Bisque, bisque, rage

On a tellement ri de Theux, « capitale wallonne de l’écrevisse », que la commune liégeoise a fini par renier le crustacé. Inquiet, Médor replonge les mains dans le panier de crabes.
Pendant cinq ans, entre 2001 et 2006, Theux a parrainé des écrevisses. La ville, peu sensible aux moqueries, s’était autoproclamée « capitale wallonne » de l’animal, à l’initiative de l’échevin socialiste Albert Kever. Celui-ci voulait soutenir un projet de conservation tout en offrant aux gourmets theutois (et aux touristes hollandais) un produit de choix. Didier Herman, biologiste qui a piloté le projet scientifique, en est convaincu : contrairement aux pandas de Pairi Daiza ou aux ours polaires, « les gens s’intéresseront au sort des écrevisses par l’approche culinaire ».

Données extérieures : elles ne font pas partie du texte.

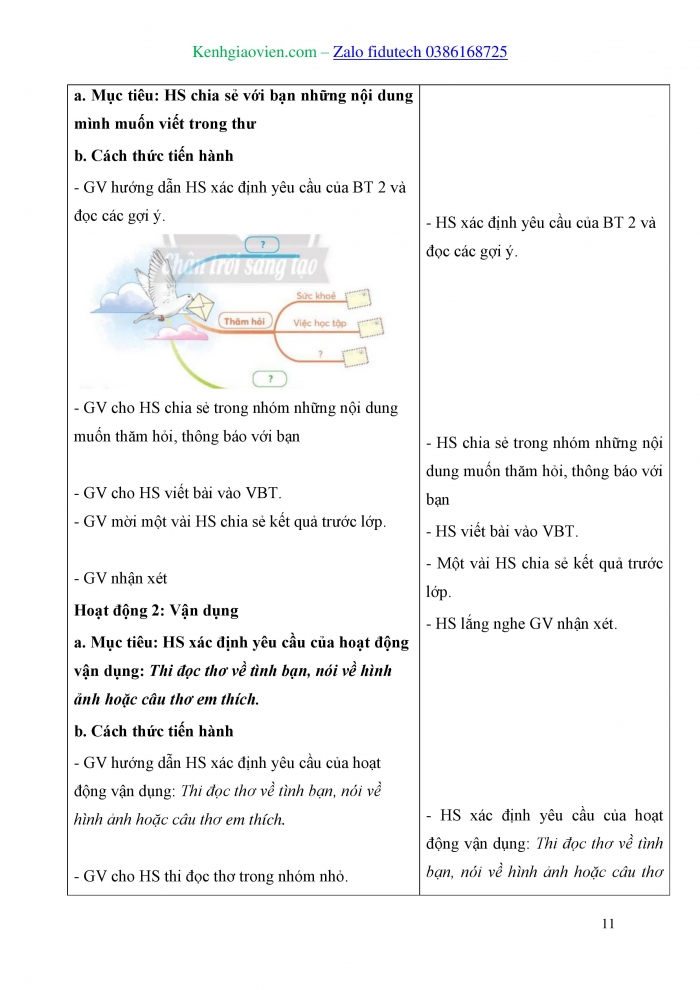 Giáo án và PPT Tiếng Việt 3 chân trời Bài 2: Thư thăm bạn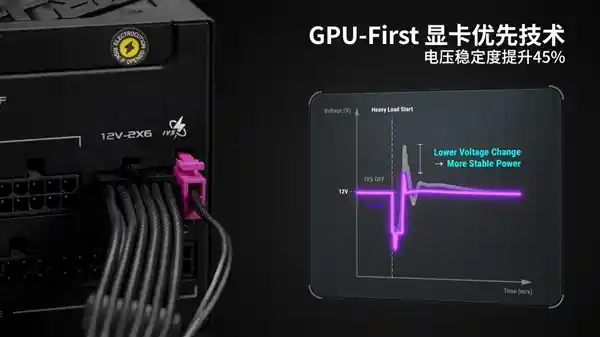 华硕RTX50系列显卡集结5重力，共创高峰！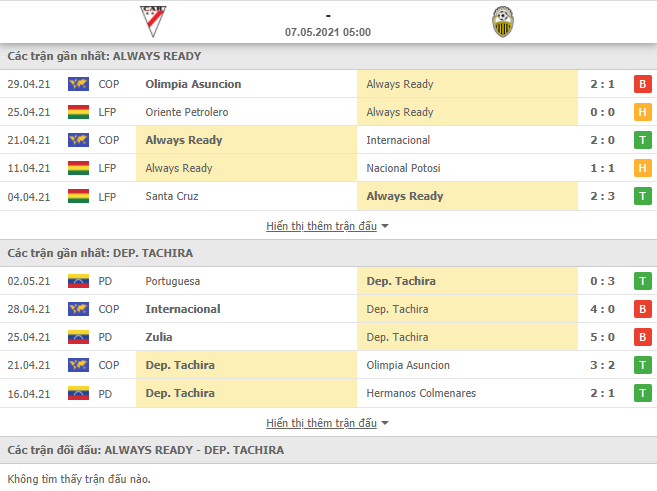 Soi kèo nhận định Always Ready vs Deportivo Tachira, 5h00 ngày 7/5 - Copa Libertadores - Ảnh 1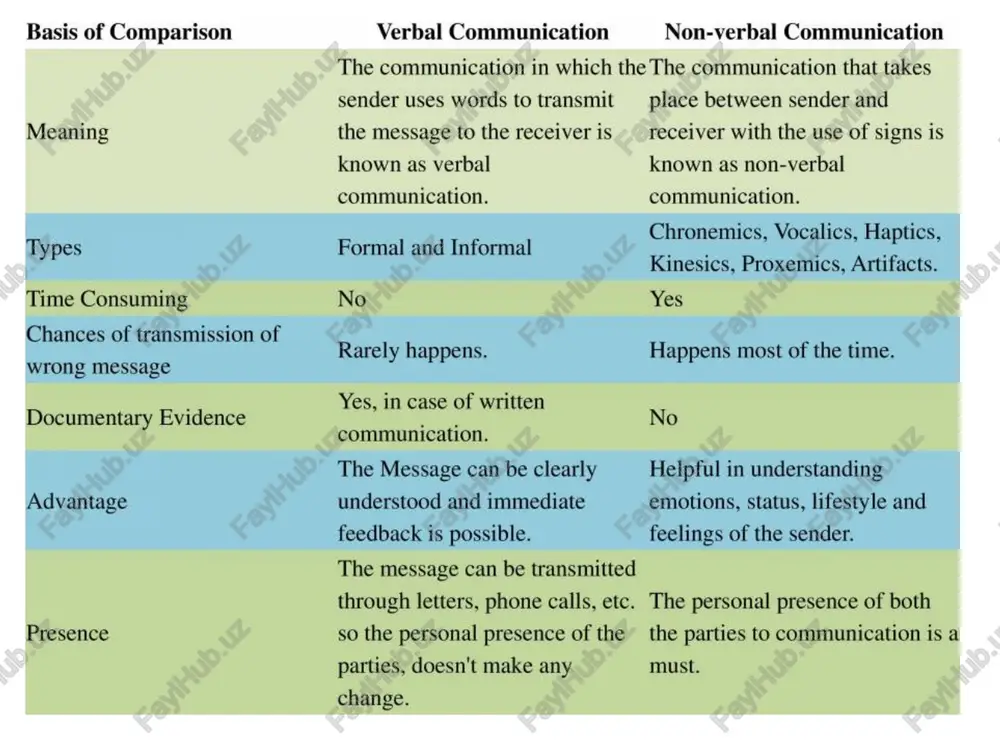 being unpleasant to them this tactic can be used both on the part of buyer or seller to know the actual opinion " 04 of the other party on the budget quoted and to see whether they flinch or not 02 verbal vs nonverbal communication verbal communication words are used while communicating orally or in writing easy to understand highly structured low probability of information distortion feedback is generally delayed yes, in the case of written communication physical presence of persons involved in communicationis not required comparison factors use of words ease of understanding structure information distortion feedback documentary evidence physical presence nonverbal communication words are not used in nonverbal communication difficultto understand with accuracy lacks any formal structure high probability of information distortion feedback is received instantly no physical presence of persons involved in communication required non-verbal communication: body language body language includes: - facial expressions - occulesics (use …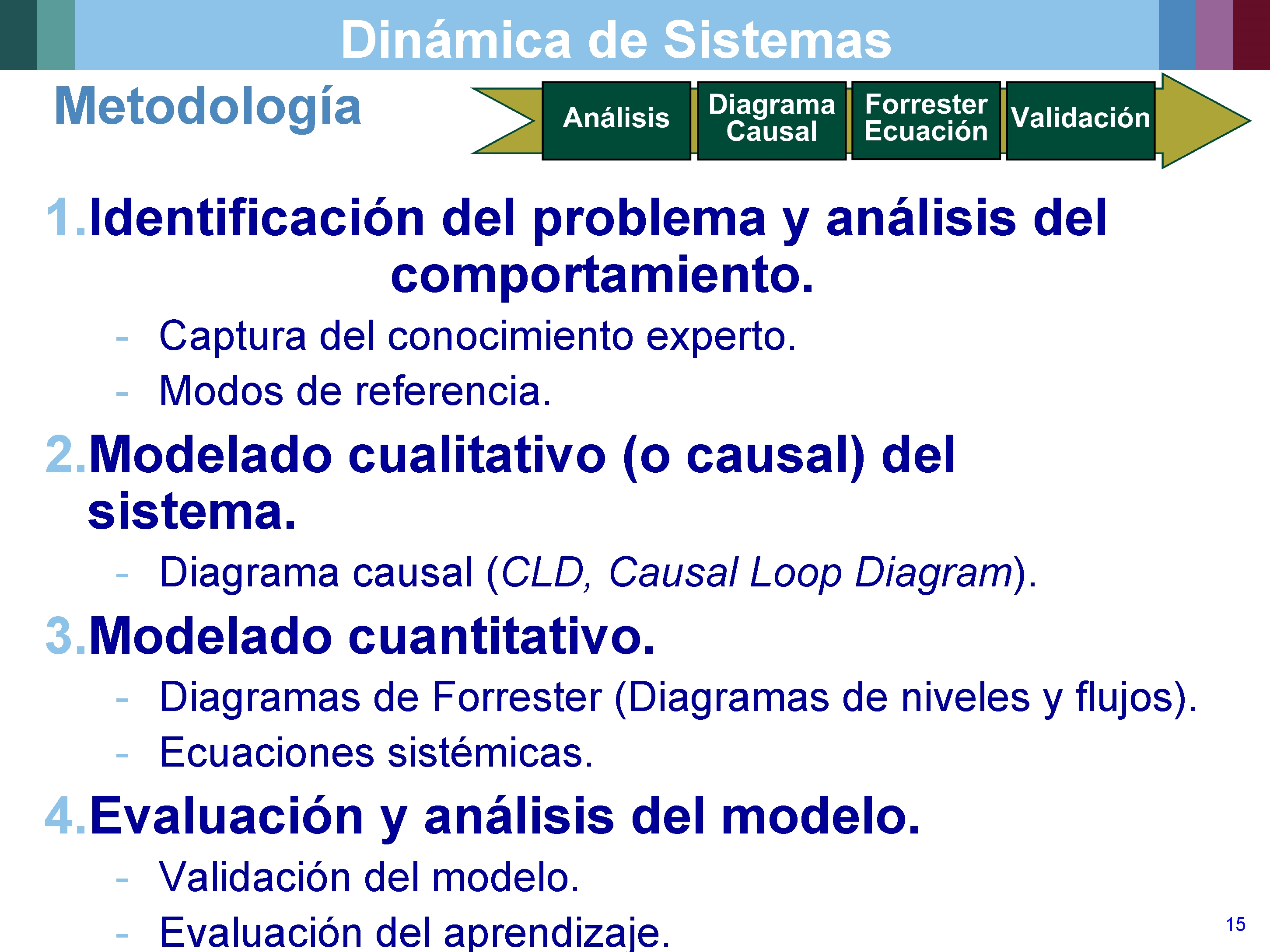 Dinámica de Sistemas Metodología 1. Identificación del problema y análisis del comportamiento. - Captura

Lors du changement de majorité en 2006, les libéraux, affamés, ont abandonné le projet et démonté la statue d’écrevisse géante qui trônait à l’entrée de la ville. « Ils voulaient des résultats immédiats », explique Didier Herman. « Mais cela prend du temps. » Deux fois, les bassins de culture ont été frappés par la maladie et toutes les écrevisses sont mortes. Depuis, la ville concentre ses efforts touristiques sur les 600 Franchimontois, morts de façon plus héroïque. Mais alors, qui se soucie encore de ces pauvres bêtes ?
Didier Herman, justement. Étudiant, ce zoologiste pensait consacrer sa carrière aux grands mammifères marins. Faute d’océan dans la vallée de l’Amblève, il a revu ses ambitions. Après avoir donné un temps dans l’abeille, il a créé l’Association pour la sauvegarde et la promotion des écrevisses indigènes (ASPEI). Il nous reçoit dans un sous-sol de Creppe (Spa), où est installé son centre de documentation. Ça sent un peu la crevette et le manque …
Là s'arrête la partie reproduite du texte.